Más allá de la vida

Crítica de Martín Stefanelli - ¡Esto es un bingo!

El más acá

Ya hace tiempo que Clint Eastwood es un director que vive dentro del canon cinematográfico. De unos años hasta acá, ese reconocimiento con poca disidencia le dejó costearse producciones que no se hubiera permitido en otros momentos. Esa puerta que se abrió a fuerza del trabajo exhaustivo sobre sus personajes, sobre historias particulares que daban cuenta de un mundo entero, lo llevó a lugares insospechados (como la reciente Invictus o el díptico La conquista del honor-Cartas desde Iwo Jima) donde la H de historia se escribía con mayúscula. En Más allá de la vida, que cuenta con la producción ejecutiva de Steven Spielberg, se podía esperar que Eastwood volviera a ofrecernos un modelo del mundo desde el todo, pero como si quisiera desembarazarse de toda esa responsabilidad, apenas empieza la película se gasta toda la plata en la escena inesperada del tsunami. Luego de eso, luego de jugar en los terrenos de Spielberg y lograr una ola gigante que arrastra todo a su paso, con una autenticidad a la que los genios de los efectos especiales ni se asoman, vuelve a las verdades que le ofrece el trabajo de orfebre que hizo con sus personajes en películas como Los imperdonables o Un mundo perfecto.

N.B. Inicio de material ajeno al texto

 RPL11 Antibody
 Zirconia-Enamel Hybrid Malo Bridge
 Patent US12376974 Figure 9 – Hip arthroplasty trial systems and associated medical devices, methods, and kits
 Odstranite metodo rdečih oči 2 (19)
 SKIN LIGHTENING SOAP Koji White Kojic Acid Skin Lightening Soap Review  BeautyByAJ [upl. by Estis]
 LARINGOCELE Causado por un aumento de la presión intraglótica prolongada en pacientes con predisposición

En Más allá de la vida toda referencia a “temas importantes” ?como los desastres naturales, la crisis económica de Estados Unidos o el terrorismo en las ciudades europeas? funciona de manera lateral, atraviesan a los personajes sin determinarlos. Y si a eso que hay después de la muerte, que está presente desde el título, también se lo concibe como a uno de esos temas trascendentes, hay que decir que a Eastwood tampoco le interesa más que para mostrar la acción y los sentimientos de los que seguimos acá en la Tierra. Por eso las pequeñas escenas que visitan ese lugar secreto duran apenas unos segundos y se parecen a los relatos populares de la muerte, más conocidos por estos pagos como el viaje de Victor Sueiro ?no parece casual que su primer libro, publicado en 1990, gran éxito de ventas en Argentina y en varios países de América, se titule igual que esta película.

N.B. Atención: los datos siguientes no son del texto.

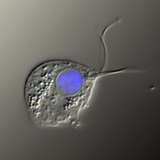 De oorzakelijke agens van trichomonas vaginalis (Differentieel interferentie contrast afbeelding, de celkern is blauw gekleurd)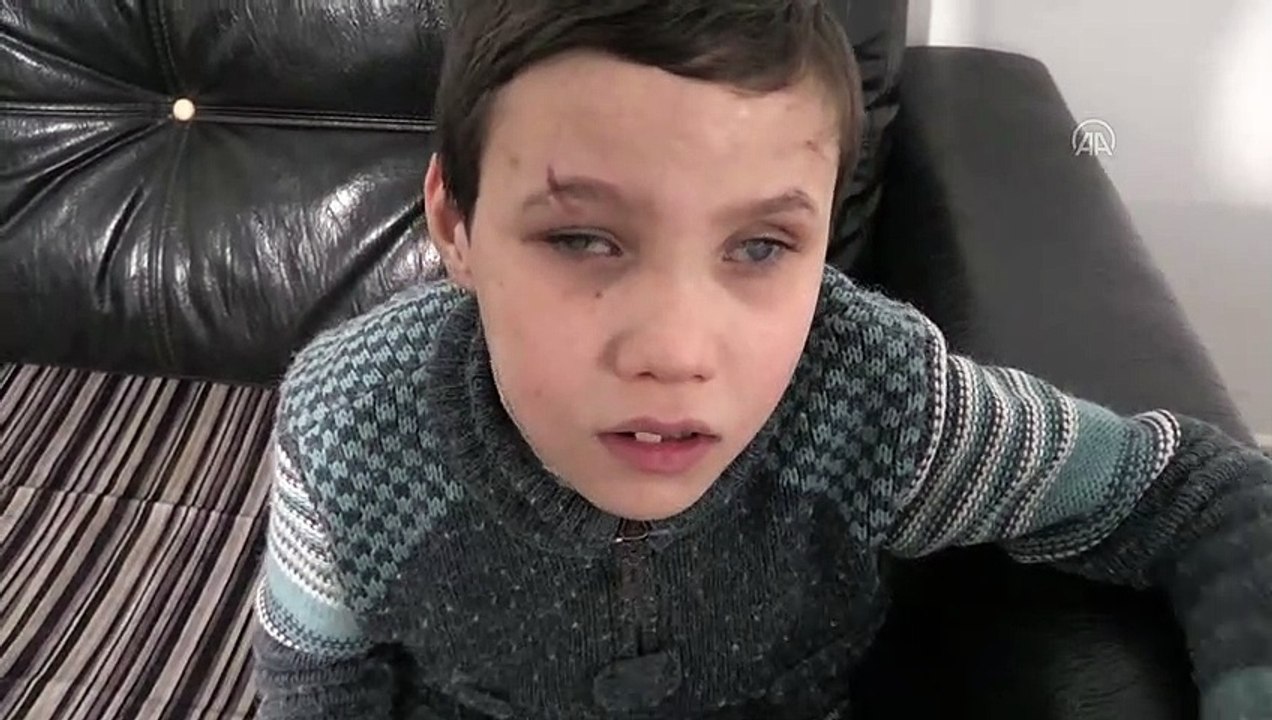 İdlibli küçük Muhammed savaşın kararttığı gözlerine yeniden kavuşmak istiyor - HATAY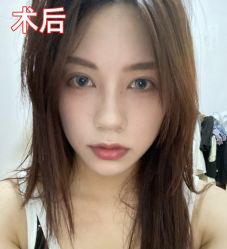 -素美医疗美容·西南眼鼻整形·修复基地
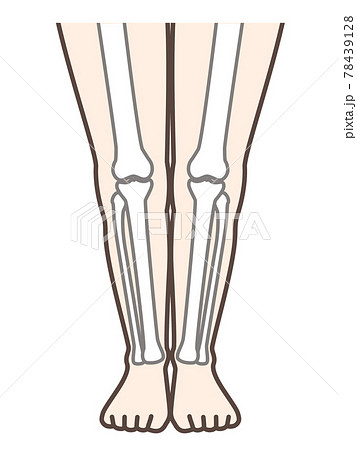 正常な足 脚 膝の病気の解説用イラスト のイラスト素材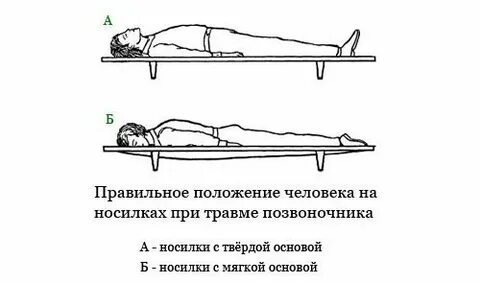 Поза при травме позвоночника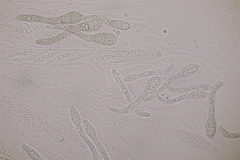 Cercophora mirabilis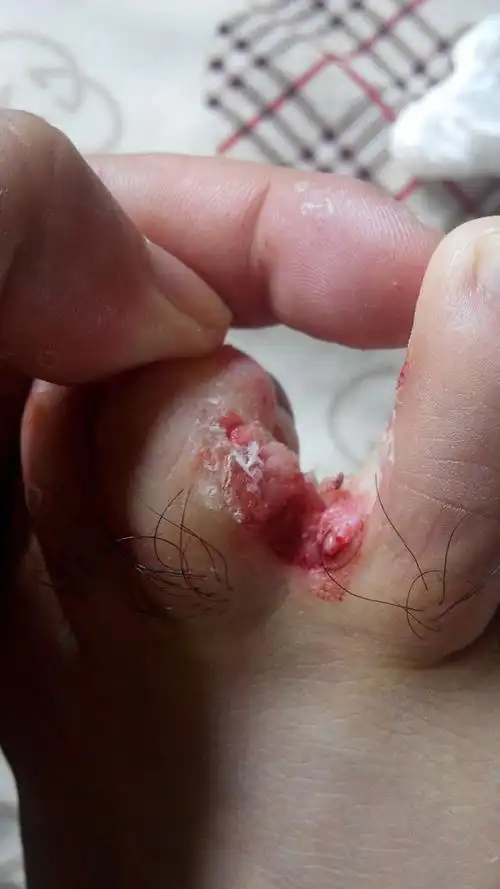 跖疣被挖出的时候图片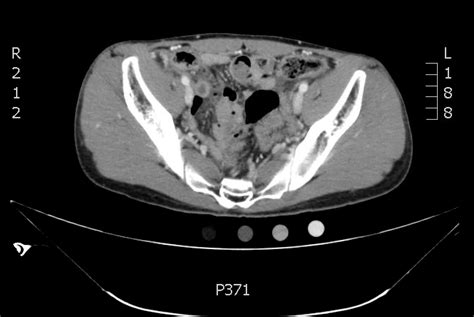 Computed Tomography Diagnosis Of Appendicitis Jetem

George Lonegan (Matt Damon) es un obrero americano que puede contactarse con los difuntos, algo que siente más como un castigo que como un don; Marie Lelay (Cécile De France) es una periodista francesa que permanece sin vida durante algunos segundos y eso cambia toda su perspectiva; Marcus es una suerte de Oliver Twist que pierde a su hermano gemelo y necesita volver a comunicarse con él para seguir adelante. Los tres protagonistas, en diferentes partes del mundo, están conectados por un saber velado al resto de los mortales. Pero si esta película se acerca a un relato coral (cosa que desprecio con pasión), el oficio y la mano artesana de Eastwood, más el guión sin fisuras de Peter Morgan, se encargan de borrar cualquier huella que la vincule a ese tipo de cine. Con la magia y los trucos que sólo puede desplegar el último de los grandes directores clásicos, las tres historias funcionan como una sola. Y las únicas verdades que se plantean son las que atraviesan las búsquedas que llevan a cabo los personajes, con un grado de sobriedad en su forma narrativa que logra que cualquier cosa que muestra, por más terrible que sea, esquive el golpe bajo o la conmiseración barata.

Si hay alguien que está lejos de la muerte, ése es el viejo Clint, que a los ochenta años nos entrega un regalo tras otro, con algún desliz cada tanto pero siempre cuesta arriba, con la fuerza de un joven recién iniciado y la experiencia de quien lleva décadas en el oficio de hacer cine. La siguiente parece una parada difícil: la vida de J. Edgar Hoover es la de esos hombre que quieren abarcarlo todo, casi un opuesto al obrero de Matt Damon que le escapa a la vida pública pero tampoco un Mandela, ya saben, el chico se ponía vestidos. Dentro de un año veremos cómo sale parado Eastwood esta vez.